Using concentrations of solutions in mol/dm3 (chemistry only) (HT only) revision notes

Understanding Concentration in mol/dm³

Concentration is a key concept in chemistry that describes how much solute is present in a given volume of solution. It is commonly expressed in moles per cubic decimeter (mol/dm³).

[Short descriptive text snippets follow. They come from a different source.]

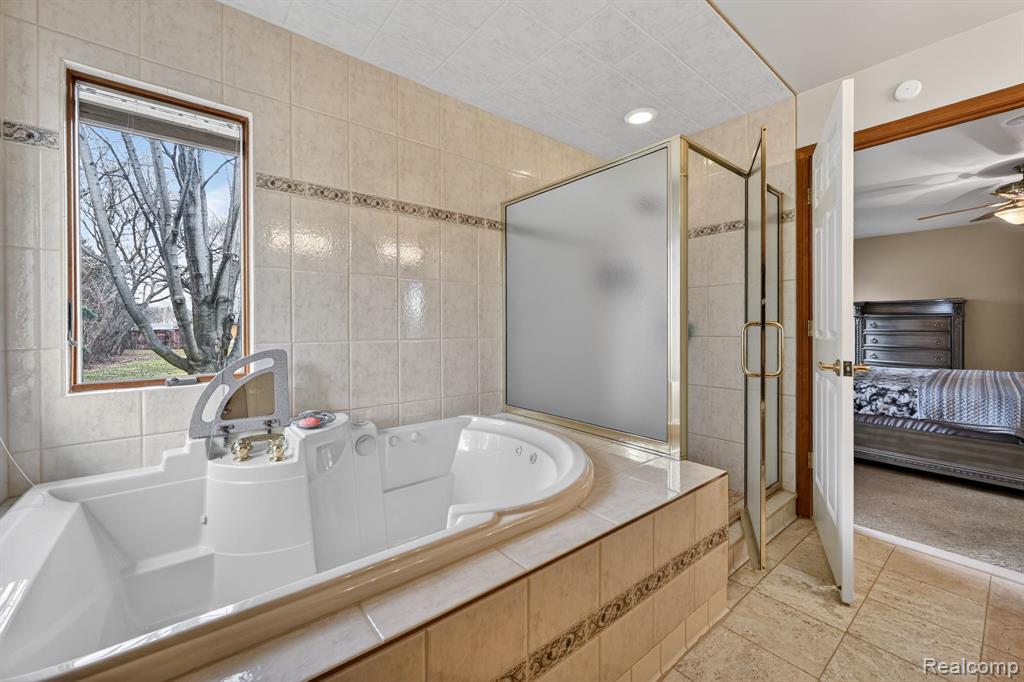 4891 Maceri Circle, Sterling Heights, MI 48314 — Photo 45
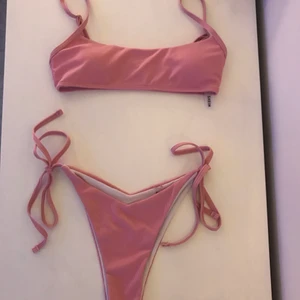 Rosa bikini  - Rosa suuperfin bikini från SHEIN💞 säljer pga att jag inte tycker den passar mig riktigt, den är endast testad och köparen står för frakten☺️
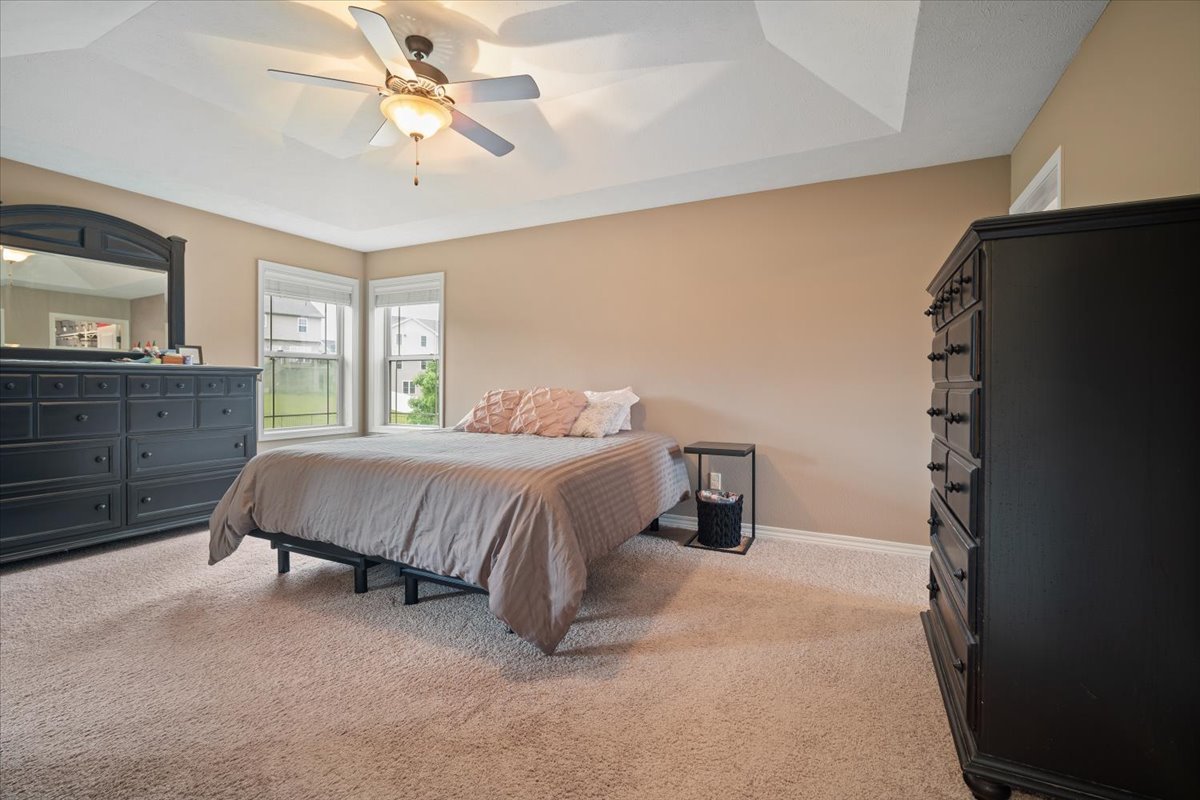 5011 Longfield Road Bloomington, IL 61705 - Photo 17 of 35 Gallery Image 17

This topic will explore how to calculate concentration, mass, and volume relationships, and how to apply these concepts in titration experiments.

What is Concentration?

• Concentration is defined as the amount of solute (in moles) divided by the volume of solution (in dm³).
• The formula for concentration is:

Concentration (c) = Amount of solute (n) / Volume of solution (V)

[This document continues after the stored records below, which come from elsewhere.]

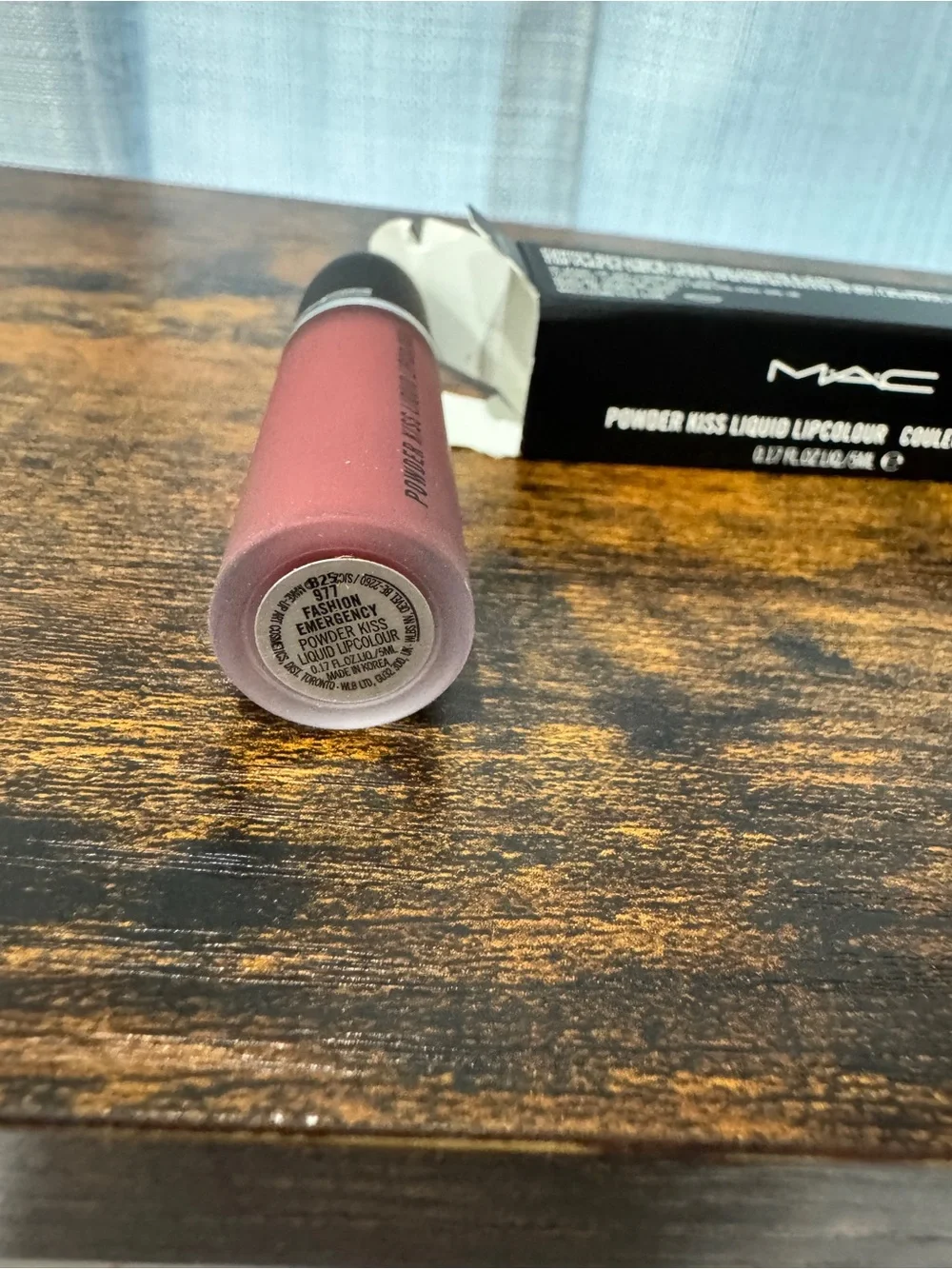 MAC Powder Kiss Liquid Lipcolour Fashion Emergency 977 NIB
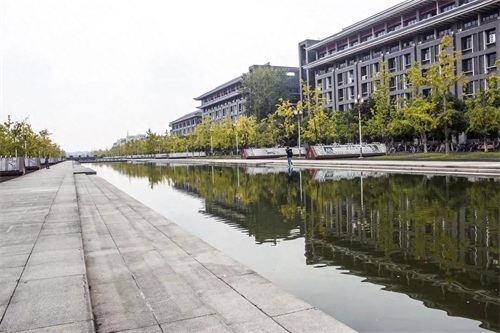 川大江安校区：极具现代化校园，园林式校园风景、最长爱情长桥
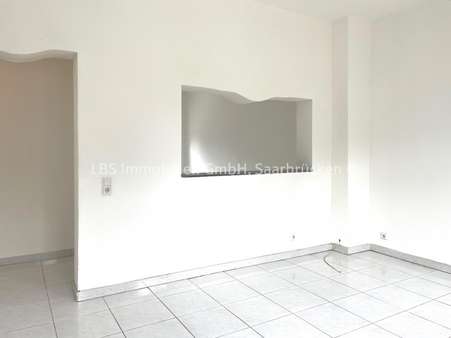 Wohnbereich - Zweifamilienhaus in 66121 Saarbrücken mit 170m² kaufen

Calculating Amount in Moles

• To find the amount of solute in moles from concentration and volume, use the formula:

n = c × V

• Where:
• n = amount of solute in moles (mol)
• c = concentration in mol/dm³
• V = volume in dm³

Example Calculation

• If a solution has a concentration of 2 mol/dm³ and a volume of 0.5 dm³, the amount of solute is:
• n = 2 mol/dm³ × 0.5 dm³ = 1 mol

Calculating Mass of Solute

• To calculate the mass of solute from concentration and volume, first find the amount in moles, then convert to mass using the molar mass (Mr):

Mass (m) = n × Mr

• Where:
• m = mass of solute in grams (g)
• n = amount of solute in moles (mol)
• Mr = relative formula mass of the solute (g/mol)

Example Calculation

• For a solution with a concentration of 1 mol/dm³ and a volume of 2 dm³, and if the solute is sodium chloride (NaCl) with Mr = 58.5 g/mol:
• n = 1 mol/dm³ × 2 dm³ = 2 mol
• m = 2 mol × 58.5 g/mol = 117 g

Calculating Concentration from Mass

• To find concentration from mass and volume, rearrange the concentration formula:

c = m / V

• Where:
• m = mass of solute in grams (g)
• V = volume of solution in dm³

Example Calculation

• If you have 50 g of NaCl dissolved in 0.5 dm³ of solution:
• c = 50 g / 0.5 dm³ = 100 g/dm³
• To convert to mol/dm³, divide by Mr: 100 g/dm³ / 58.5 g/mol = 1.71 mol/dm³

Titration Calculations

• Titration is a technique used to determine the concentration of a solution by reacting it with a solution of known concentration.
• The relationship between the concentrations and volumes of the reactants can be expressed as:

c₁V₁ = c₂V₂

• Where:
• c₁ and V₁ are the concentration and volume of the known solution
• c₂ and V₂ are the concentration and volume of the unknown solution

Example Titration Calculation

• If 25 cm³ of hydrochloric acid (HCl) is titrated with 50 cm³ of sodium hydroxide (NaOH) solution, and the concentration of NaOH is 0.1 mol/dm³, find the concentration of HCl:
• Convert volumes to dm³: 25 cm³ = 0.025 dm³, 50 cm³ = 0.050 dm³
• Using the formula: c₁ × 0.025 = 0.1 × 0.050
• c₁ = (0.1 × 0.050) / 0.025 = 0.2 mol/dm³

Key Relationships

• Concentration is directly proportional to the amount of solute and inversely proportional to the volume of solution.
• Understanding how to manipulate these relationships is crucial for solving problems in quantitative chemistry.

Practical Applications

• Concentration calculations are essential in laboratory settings, particularly in titrations, where precise measurements are necessary for accurate results.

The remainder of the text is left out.